No. 1 of Palaeoslavica XXIV consists of four sections. The Articles section contains a study by V. Kalugin on the use of the Glagolitic alphabet as a decorative element of rubrics in late (end of the 15th-17th centuries) copies of Prophets with Commentaries (the so-called Special Redaction); a study by A. Strakhov on the image of Mother-Earth in medieval South and East Slavic literature and folklore; an article by I. Lemeshkin on the Prague fire of 1541 and its connection to the life of Franciscus Scorina (Francysk Skaryna or Francisk Skorina, ca. 1490—before 29 January 1552), a Belarusian humanist, physician, translator and one of the first book printers in Eastern Europe. The Publications section presents 414 Belorussian magic spells in modern records by G. Lopatin and stories about «scary places» and meetings with their inhabitants in the woods surrounding the basin of the Pechora River (west side of the Ural Mountains) collected by T. Kaneva and others. The Speculum section presents studies by E. Bourbuhakis and M. Mavrodi on Professor Ihor Sevcenko's (1922-2009) legacy and his impact on Byzantine and medieval Slavic history. The Miscellanea section presents a note by G. Parpulov that sheds light on a previously obscure period in the history of two Athonite monasteries and their relations to the famous Maximos the Greek.

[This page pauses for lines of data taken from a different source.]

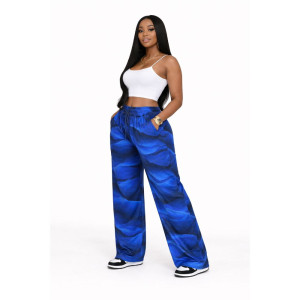 Blue Printed WideLeg Pants Drawstring Waist Casual Trousers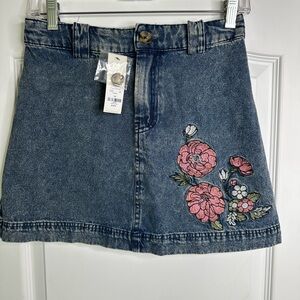 NWT Y2K Blue Rain Denim Skirt with Pink Floral Design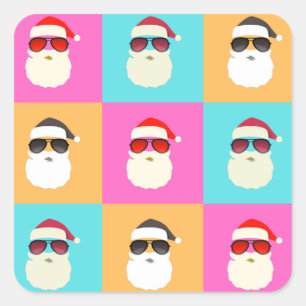 Sticker Carré Neon Père Noël avec lunettes de soleil Cool Motif 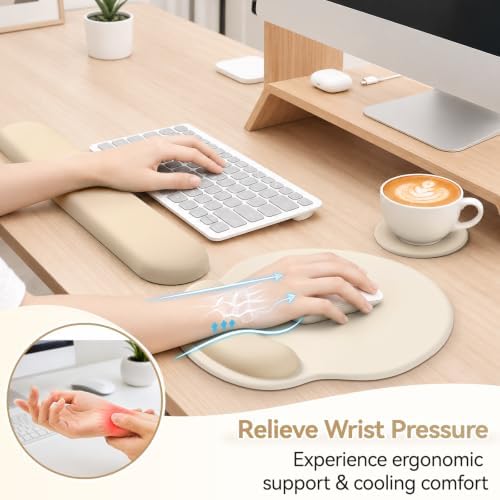 Mouse Pad with Wrist Rest, 2-in-1 Mousepad with Wrist Support Set
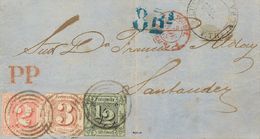 2117 Thurn And Taxis. 1862. COVER. Yv. 3, 10, 11. ½ S Black On Green, 2 S Carmine And 3 S Red Chestnut. Front Cover From - Other & Unclassified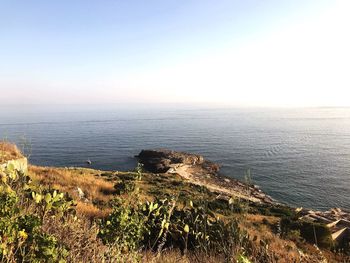 Scenic view of sea against clear sky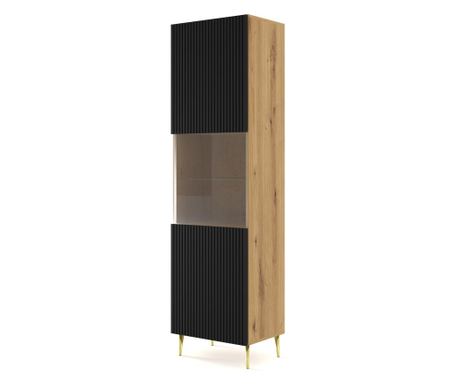 Vitrina Ravenna B bež, crna i zlatna 60 cm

No. 2 of Palaeoslavica XXIV presents a reconstruction and publication of a 12th-century manuscript of the Menaion for May (RNB, Sof. 203) that had been partially eaten by mice. The study contains a preface (pp. 1-23), a publication of the manuscript (pp. 24-288), graphical and orthographic commentary to the text (pp. 289-297), and five facsimiles presenting five scribes working with the manuscript (pp. 298-302). The reconstruction of the text (especially of its damaged pieces) was done on the basis of Greek and early Slavonic parallel witnesses (manuscript and printed). The study of the manuscript and its Greek and Slavonic parallels shows that the main scribe of the Menaion did not have access to any other copy of the Menaion. Some of the Canons for Saints that he copied did not have parallels in the early Slavonic Menaion for May and/or were of a different translation not extant in other manuscripts. The orthography of the Menaion contains typical East Slavonic features with no specific regional ones. The text further contains some rare and hitherto unattested lexemes.